Tobacco companies have increased their prices by more than is required by tax changes, undermining the industry's own central argument against increasing taxes on cigarettes.

Lobbyists for cigarette firms have argued against rises in taxes, claiming that they will make their product too expensive, pushing smokers towards fake and illegally imported tobacco.

This, the industry has claimed, actually reduces tax revenues and makes consumers less safe than if they smoke legal tobacco.

But research published on Friday by researchers at the University of Bath and King's College London found tobacco companies regularly increased their prices beyond what has been required by government.

The authors said that this shows that the companies' claim that they are concerned about high prices prompting consumers to switch to the illicit market is questionable.

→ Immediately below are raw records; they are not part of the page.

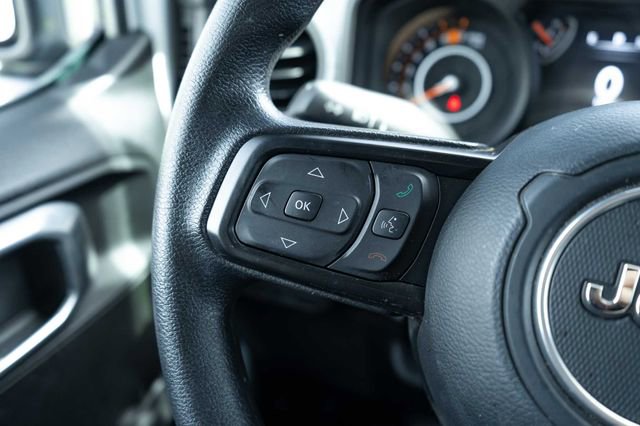 Used 2024 Jeep Wrangler Sport image 21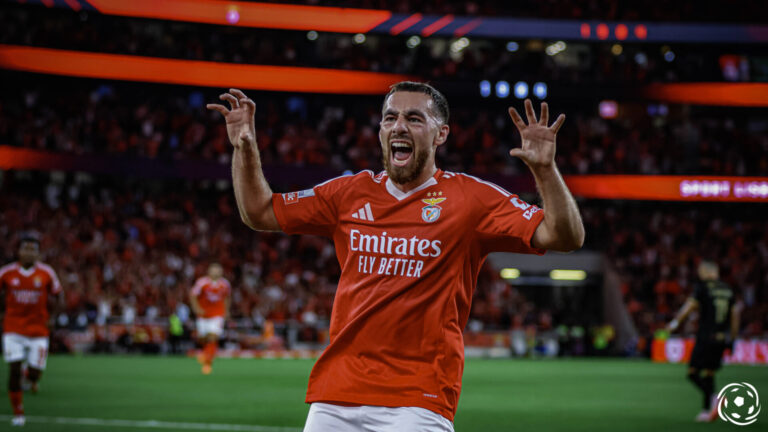 Besiktas vai apresentar oferta ao Benfica por Kokçu: Eis os possíveis moldes
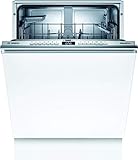 Bosch SBV4HAX48E Serie 4 XXL-Geschirrspüler Vollintegriert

They suggest that, if this was the driving concern behind calls for lower cigarette taxes, companies would have tried to ensure their own share of tobacco prices was kept low.

However, before 2010 in Britain and Ireland, almost 50 per cent of the total price increase of tobacco problems came from companies themselves, not taxation, the study found.

Between 2010 and 2012, when there were large and unexpected tax increases, industry-driven price changes were small, accounting for 16 per cent and 20 per cent respectively of the price increases in manufactured and RYO tobacco.

But from 2013 to 2015, when tax increases were smaller and planned, a third of the price increase for manufactured cigarettes was industry-driven, rising to nearly half 48 per cent of the price hike for RYO tobacco.

Price rises on cigarettes and roll-your-own tobacco products have gone beyond tax changes even when they have been large and unexpected, according to the study which was funded by the National Institute for Health Research (NIHR).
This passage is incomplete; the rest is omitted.